Grouping of Participants:
Participants were of different level of experiences, from college pass outs to senior ruby developers, and to cater to everyone’s expectations was a challenge. The organizing team did a good job of ensuring a good mix of experience in each group, so that everyone can learn something new from the event.
The workshops followed the try ruby primer. There were 6-8 groups with 6 participants in each and 2 coaches to help them. The place looked like an everyday ThoughtWorks office, there were noises, people were listening intently to their coaches, drawing boards getting utilised, one could hear the bursts of laughter, and a few yay sounds all across the floor.
We all explained the basic Rails framework; the MVC model and functionality of build tools. My team was quick to pick up things and they created the basic scaffolding very quickly. It was good to see the glitter in their eyes when we started the local servers and basic Rails page opened up.
We then created our own homepage replacing the default rails page. Later, we also created the listing page and new ideas pages using the scaffoldings. Intelligent questions were asked during the process and my group was clearing each other’s doubt, making it a very collaborative workshop.

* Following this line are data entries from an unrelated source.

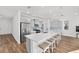 Modern kitchen with a large center island, quartz countertops, stylish gray cabinets, and stainless appliances at 8816 Sw 69Th Place Rd, Ocala, FL 34481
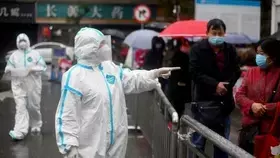 الصين تسجل 148 إصابة جديدة بـ «كورونا»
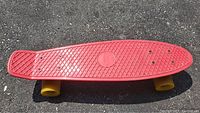 Full view of the 22-inch red plastic Penny Australia skateboard with yellow wheels on pavement.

After the first workshop session, we all took a break for lunch and lightning talks. The first lighting talk was from the volunteers of cloud foundry, wherein they explained their services and showcased how easy it is to host the application on cloud
The second lightning talk from Ajey Gore, CTO at Hoppr, was the highlight of the session. He made everyone realize the importance of intent and how ruby facilitates to express the intent in easy, simple and English like language. He also talked about maintainability and scalability of the code.

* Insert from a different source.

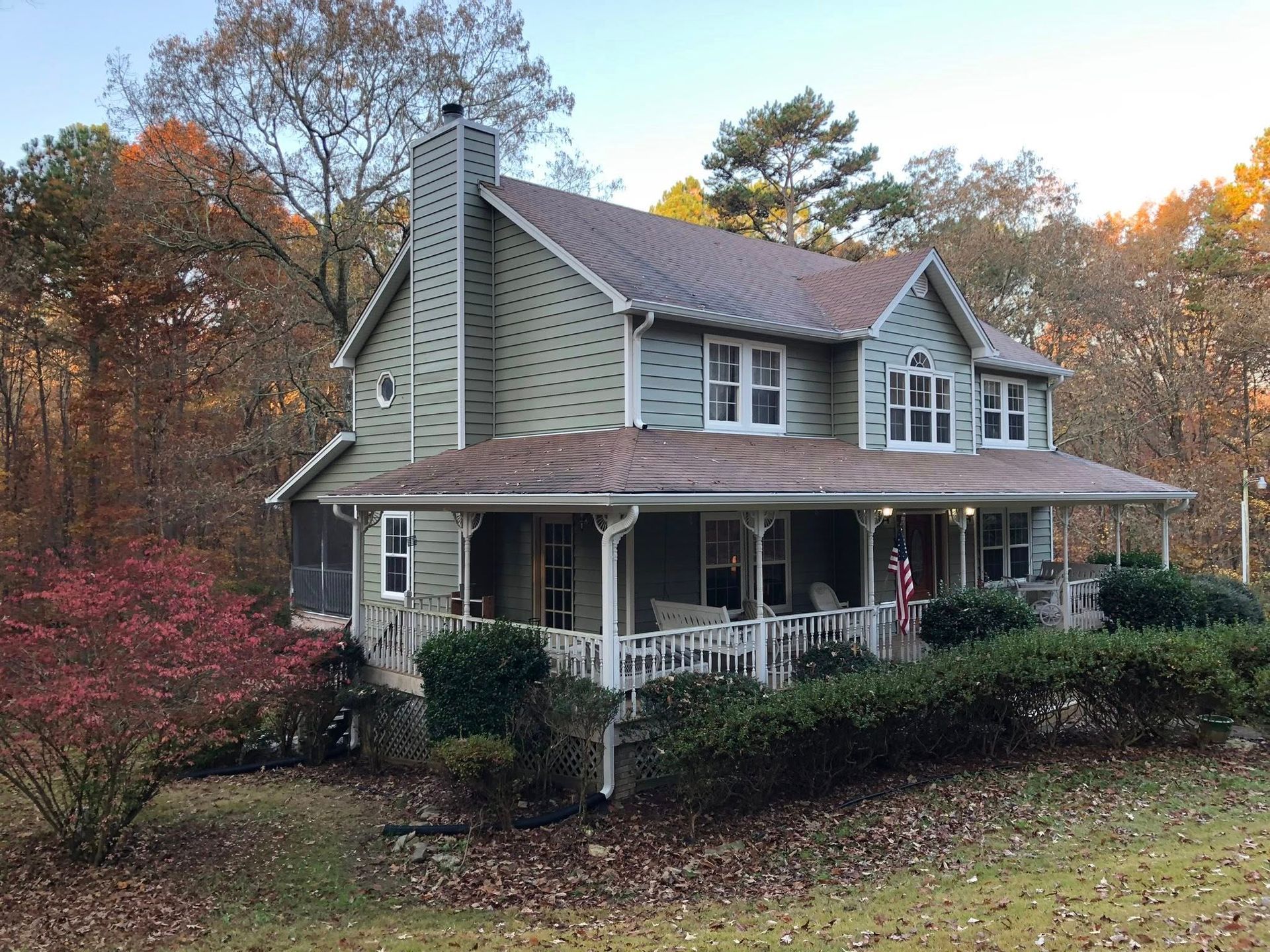 A large house with a porch in the middle of a forest.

I also gave small talk on my backpacking experience across Europe. My talk wasn’t tech related but it was a good break, away from all the tech sessions.
The second session of workshop was more focused on introduction to CSS and basic html. We also added custom gems and later hosted the app on Heroku and Cloud foundry. This involved running small migration scripts and basic introduction to Git.
Other groups focused on adding new functionalities to their app, for e.g. adding a login page using devise gem. One of the groups created a feedback page.
The second session of workshop helped the participants to diverge and explore more around the areas, which they were more inclined to. For e.g. our group went to explore TDD and writing DSL tests using cucumber. One other group explored CSS and designing, as there were some experienced UI devs. Another group went to the basic of programming and coding practices in general.
All groups gathered together and showcased their app. They also shared their experience about the entire event.
The day concluded with retrospective among the volunteers. They shared their ideas around their coaching experience, the entire event management and future event planning.
The next step for all of us is to build a RailsGirls community and let this initiative grow into a lasting event. As organizers, we have decided to keep in touch with our group members and clarify their doubts and encourage them to be more hands on.
Overall, it was an enjoyable and eventful day with lots of learning for others and me.